In dit artikel wordt de Duitse historicus en hoogleraar Friedrich Meinecke (1862-1954) belicht in de hoedanigheid van publieke intellectueel. Meinecke heeft in zijn lange actieve leven een rol gespeeld in het publieke debat in een roerige periode van de Duitse geschiedenis. Hij begon zijn carrière in een periode van snelle modernisering. Vervolgens heeft hij de Eerste Wereldoorlog, de instabiele periode van de Weimarrepubliek die daarop volgde, het aan de macht komen van Adolf Hitler en het Derde Rijk, de Tweede Wereldoorlog en de deling van Duitsland als gevolg van de Koude Oorlog persoonlijk meegemaakt en becommentarieerd. Hij slaat als het ware een brug tussen Otto von Bismarck (1815-1898) en Conrad Adenauer (1876-1967), respectievelijk de eerste Duitse rijkskanselier van het Keizerrijk en de eerste bondskanselier van de naoorlogse Bondsrepubliek Duitsland.
Voor de beschrijving van de rol van een intellectueel als Friedrich Meinecke is het theoretisch kader dat ontwikkeld is door de Britse hoog-leraar intellectuele geschiedenis Stefan Collini zeer bruikbaar.
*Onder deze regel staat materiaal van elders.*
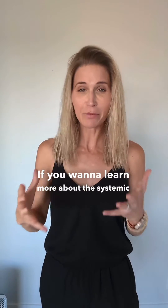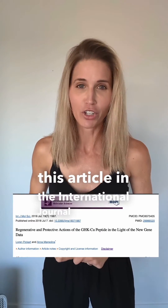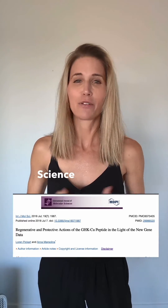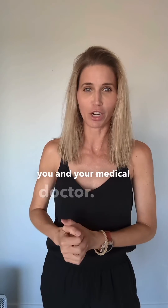If you want to learn more about the systemic benefits of GHK Copper, this article in the International Journal of Molecular Science from 2018 has lots of good information for you and your medical doctor.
In het in 2006 gepubliceerde Absent Minds beschrijft Collini vier elementen, criteria als het ware, en geeft daarmee een duidelijk raamwerk voor het in kaart brengen van de maatschappelijke rol van intellectuelen. Om te beginnen heeft een intellectueel zijn sporen verdiend met activiteiten die door de samenleving als relevant gezien worden voor een bijdrage aan het publieke debat over waarden en waarheid. Welke qualifying activity in dit opzicht belangrijk wordt gevonden, kan verschillen naargelang de historische en de culturele context. Het tweede element dat
| |
| |
de rol van de intellectueel volgens Collini bepaalt, betreft de beschikbare media en de toegang tot een publiek. De aard van de media en de toegankelijkheid ervan hebben invloed op de mate waarin een publiek kan worden bereikt. Het derde ‘criterium’ is het vermogen van een intellectueel om uitdrukking te geven aan gezichtspunten, thema's en onderwerpen die het publiek bezighouden en zo mede richting te geven aan het publieke debat. Het vierde element is dat de persoon in kwestie een zekere reputatie krijgt. Eén keer een opmerkelijke bijdrage leveren aan het publieke debat is niet voldoende om de rol van intellectueel in de samenleving te vervullen. Deze vier criteria zijn met elkaar verweven: als erkend specialist op een bepaald vakterrein, in staat en bereid zijn de beschikbare media te gebruiken, voor onderwerpen die van algemeen belang worden beschouwd, en daarmee een reputatie opbouwen. Het voordeel van deze omschrijving is de flexibiliteit ervan. Het gaat niet om een strakke definitie: iemand kan de rol van intellec-tueel in verschillende gradaties spelen, afhankelijk van zijn persoonlijke ontwikkeling of van de omstandigheden. Hij is niet zozeer een intellectueel, maar hij speelt af en toe die rol - en hij kan er ook een ontwikkeling in doormaken: er is geen eenvoudige aan- en uitknop.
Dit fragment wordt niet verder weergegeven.